Un día en Jerusalén, cuando Pablo estaba en el templo, los israelitas lo prendieron y lo sacaron fuera. Cuando iban a matarlo, el tribuno fue avisado de la revuelta, y dio permiso a Pablo para hablar. Pablo contó a todo el pueblo su conversión, pero los judíos no lo querían escuchar. Pero se dieron cuenta de que tenía ciudadanía romana, y todos tuvieron miedo y lo soltaron. Pero tuvo que presentarse en el sanedrín y allí hubo una gran discusión entre saduceos y fariseos, porque los saduceos dicen que no hay resurrección, ni espíritus, ni ángeles, y los fariseos si que creen en eso. El tribuno lo sacó de allí. 40 judíos acordaron no comer ni beber hasta haber matado a Pablo. Harían llevar a Pablo ante el sanedrín, y allí lo matarían. Pero el hijo de la hermana de Pablo se enteró, y se lo dijo al tribuno. El tribuno que se llamaba Claudio Lisias llevó a Pablo a Cesarea, donde mandaba el gobernador Félix. Lo llevó acompañado de un gran ejército. Le mandó a Félix una carta, diciéndole que no tenía ningún cargo, y que los judíos lo querían matar por motivos de su religión. Pasados algunos días, el sumo sacerdote y algunos otros presentaron su acusación contra Pablo ante Félix. Lo acusaron de profanación del templo, y de alborotador. Félix lo dejó hablar y Pablo dijo que nada de lo que decían era cierto, y que él no organizaba tumultos. Pablo habló con Drusila, la mujer de Félix, sobre la ley judía y Dios.
Pero a Félix lo sucedieron. Fue Porcio Festo, que, por caer bien a los judíos, encarceló a Pablo.
Porcio Festo fue a Jerusalén, y los jefes de los sacerdotes le dijeron que trajera a Pablo a Jerusalén, pues lo querían matar por el camino. Pasados 10 días, volvió a Cesarea, donde juzgó a Pablo. Los judíos le acusaban, pero él decía que nada era verdad. Luego apeló al emperador. Porcio dijo:
-Si apelas al emperador, al emperador irás. Los reyes Agripa y Berenice, que estaban de paso, lo quisieron escuchar. Pablo les contó de qué lo acusaban y les contó su vida. Festo, en un primer momento, dijo que estaba loco de tanto estudiar. Pero los demás le dijeron que, de no ser por su apelación, estuviera en libertad.

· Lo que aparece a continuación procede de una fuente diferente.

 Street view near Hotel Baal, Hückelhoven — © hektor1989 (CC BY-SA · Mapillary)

Pablo se puso rumbo a Italia. Estaba custodiado por un centurión llamado Julio Augusta. Llegaron a Sidón, donde le dejaron ir a visitar a sus amigos. Después atracaron en Mira de Licia, donde encontraron un barco con destino a Italia. Costearon Creta. Era otoño y la navegación era peligrosa. Pablo se lo advirtió al centurión, pero éste sólo hizo caso al patrón del barco. Días después se levantó un viento huracanado, Navegaron a la deriva durante varios días. No tenían comido y habían arrojado todo al mar. Pablo les dijo:
· No temáis, pues un ángel del señor se me ha aparecido y me ha dicho que todos salvaréis la vida, pues tengo que compadecer ante el César.
A la noche número 14, los marineros presintieron tierra cerca. Pablo obligó a los 276 viajeros a comer y tiraron el trigo sobrante al mar. A la mañana siguiente avistaron una playa. Al intentar acercarse, la nave encalló. Los soldados se pusieron a matar a los presos, para que no escaparan, pero el centurión los paró, dando ordenes de ir todos a tierra. Así se salvaron todos.

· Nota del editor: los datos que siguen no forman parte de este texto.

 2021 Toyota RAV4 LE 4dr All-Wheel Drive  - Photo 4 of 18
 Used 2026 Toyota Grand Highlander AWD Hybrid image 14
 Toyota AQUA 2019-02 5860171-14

Luego se enteraron de que la isla se llamaba Malta. Los nativos los trataron muy bien. Les encendieron una hoguera. Pablo fue a coger unas ramas para avivar el fuego, y una víbora le mordió. Todos pensaban que iba a morir, pero al no hacerlo, lo trataron como un dios. El gobernador de la isla era Publio, cuyo padre estaba en cama. Pablo oró y lo curó imponiéndole las manos. Todos los enfermos de la isla eran también curados. Nos dieron todo lo necesario y no embarcamos de nuevo.

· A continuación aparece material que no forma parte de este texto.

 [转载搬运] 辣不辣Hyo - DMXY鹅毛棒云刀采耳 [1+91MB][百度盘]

Se embarcaron y pasaron por muchas ciudades romanas como Pozzuoli o Regio. Por fin, llegaron a Roma. Los hermanos de Roma le salieron al encuentro. Tres días después, Pablo llamó a todos los judíos. Les contó toda su historia y ellos respondieron que no habían recibido ningún informe desfavorable sobre Pablo. En otra reunión Pablo los quiso convertir. Muchos se convirtieron, aunque otros seguían sin creer.
Pablo permaneció dos años más en una casa alquilada por él, donde podía explicar la palabra de Dios sin ningún miedo y con toda libertad.